Reviewers have remarked on the “gripping” strength of the 364-page book, and in my case I felt the grip in my chest and stomach; a physical reaction. It’s a painful book to read. I could not move beyond the first few chapters for an entire week, afraid to encounter the characters in my nightmare. Are they for real? Of course they’re “based on” real people, assembled to resemble facts for a documentary-like narrative straight out of Hades, produced not merely to tell a tale but to whack you on the head if you refuse to recognize fiction as truth.

The book opens with a glaring light beamed on “the worst kind of poverty” – desperate people selling their kidneys and eyes. For years we have heard about this epidemic – there was a docu on the subject – but it’s different when years later, you read the story all alone by yourself, just you and pages of paper, and the truth resurfaces with a punch, because you realize the problem hasn’t gone away after all this time, as you had thought.

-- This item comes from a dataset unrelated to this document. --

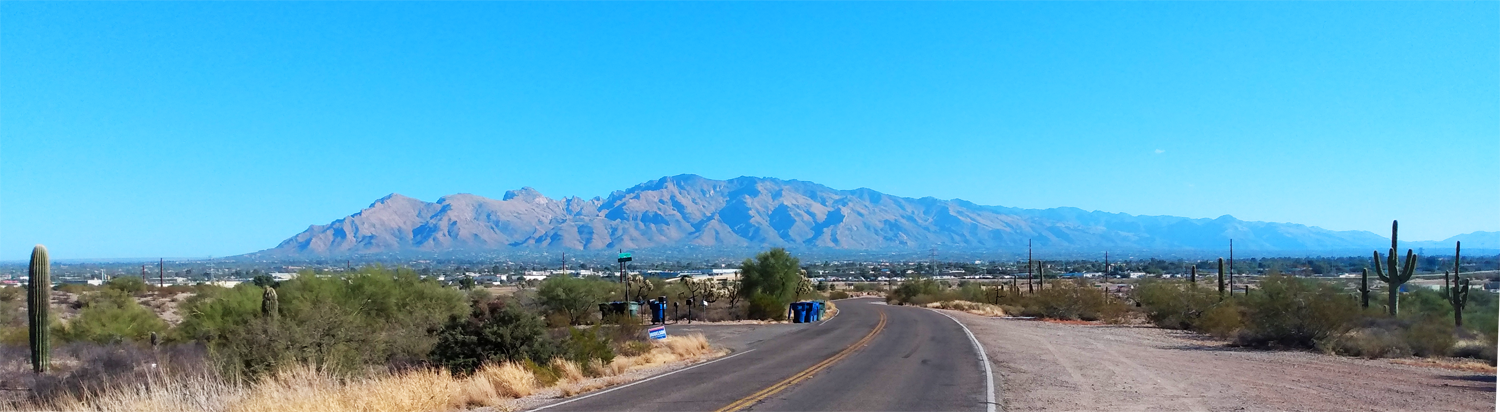 One of the big draws of the area is Mount Lemmon. Here it is from about 25km away near my friends's house.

From the slums where dwell the colony of organ “donors,” Atty. Hinirang moves to Forbes Park, where he is stopped at the gate by a corps of eight security guards equipped with radios, motorcycles, CCTV cameras, and a dog. Forbes, notes the visitor, is safer than PNP HQ in Camp Crame. After surrendering his driver’s license, he joins his client and a sparkling party of several nationalities (apparently the host is in the business of diplomacy or multinational trade).

The headline of this chapter, “One Country, Two Worlds,” could well be a substitute title for the novel.

Read it not for pleasure. Read it and dare yourself to ask, how did we get here?